Each entry that follows should be set down precisely, with its pictures removed.

MATERIAL FOR THE TASK Block Start

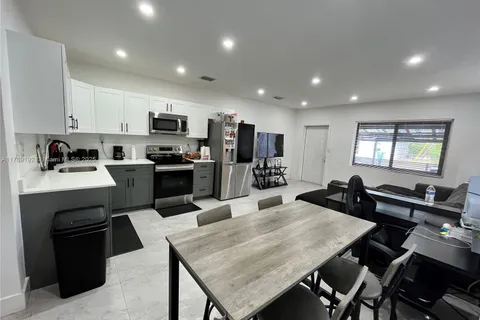1102 NW 103rd St, Miami FL 33150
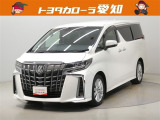 おひとり、恋人、ご友人、ご家族など、少人数でも大人数でもお出かけが楽しめます。この車で楽しいドライビングライフを送りましょう♪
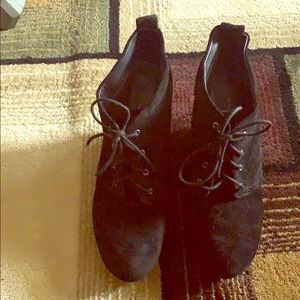 Jessica Simpson BLk wedge booties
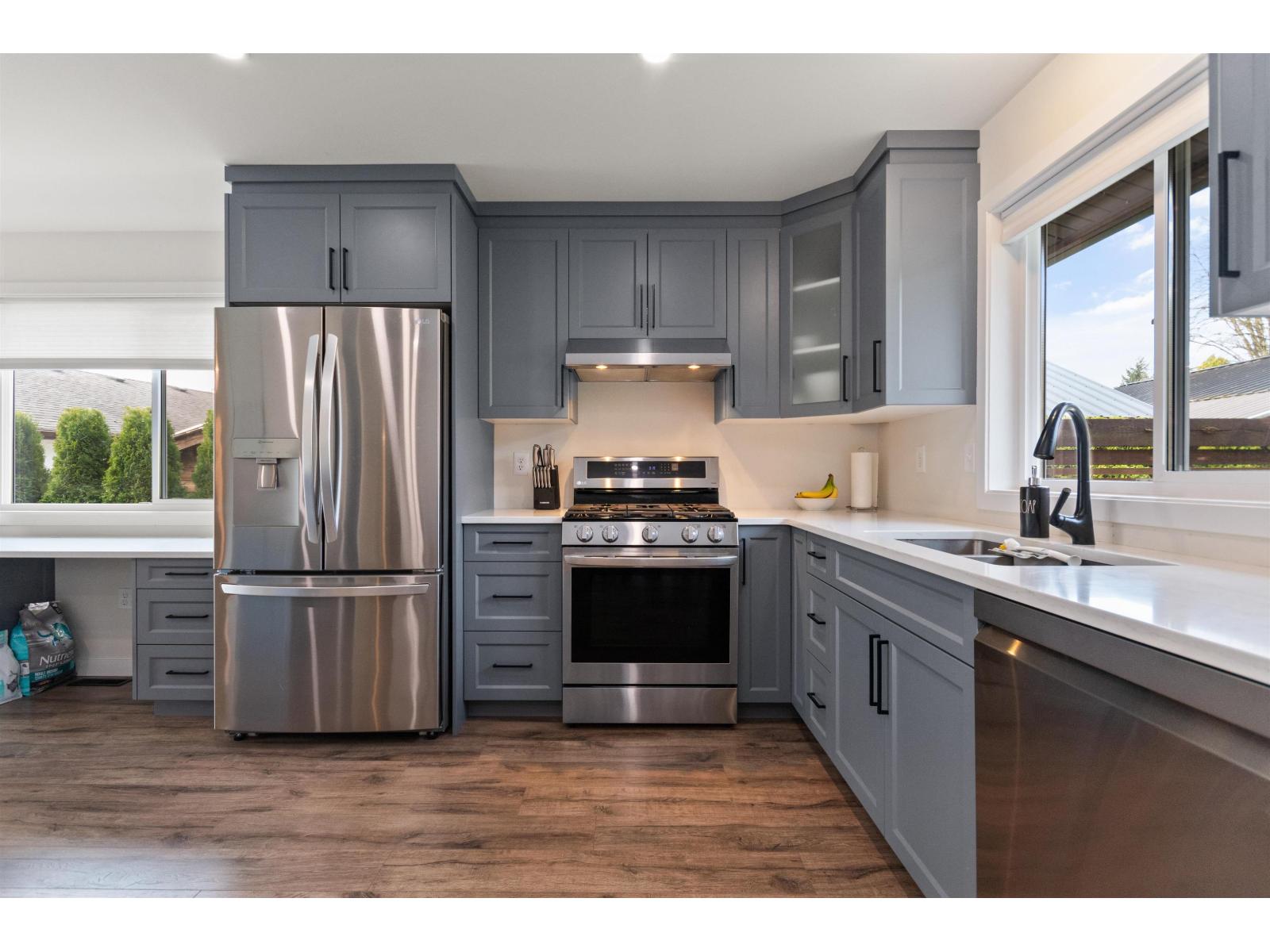 9690 ABERDEEN CRESCENT|Rosedale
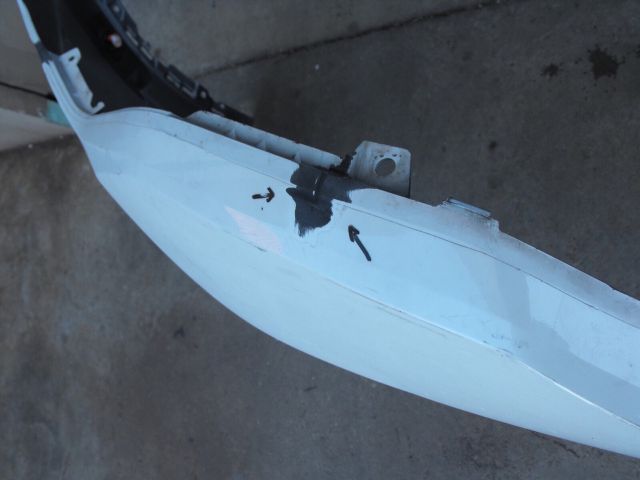 bontott TOYOTA C-HR Első Lökhárító (Üresen)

MATERIAL FOR THE TASK Block End

- **EXERCISE SOLUTION**
1102 NW 103rd St, Miami FL 33150
 おひとり、恋人、ご友人、ご家族など、少人数でも大人数でもお出かけが楽しめます。この車で楽しいドライビングライフを送りましょう♪
 Jessica Simpson BLk wedge booties
 9690 ABERDEEN CRESCENT|Rosedale
 bontott TOYOTA C-HR Első Lökhárító (Üresen)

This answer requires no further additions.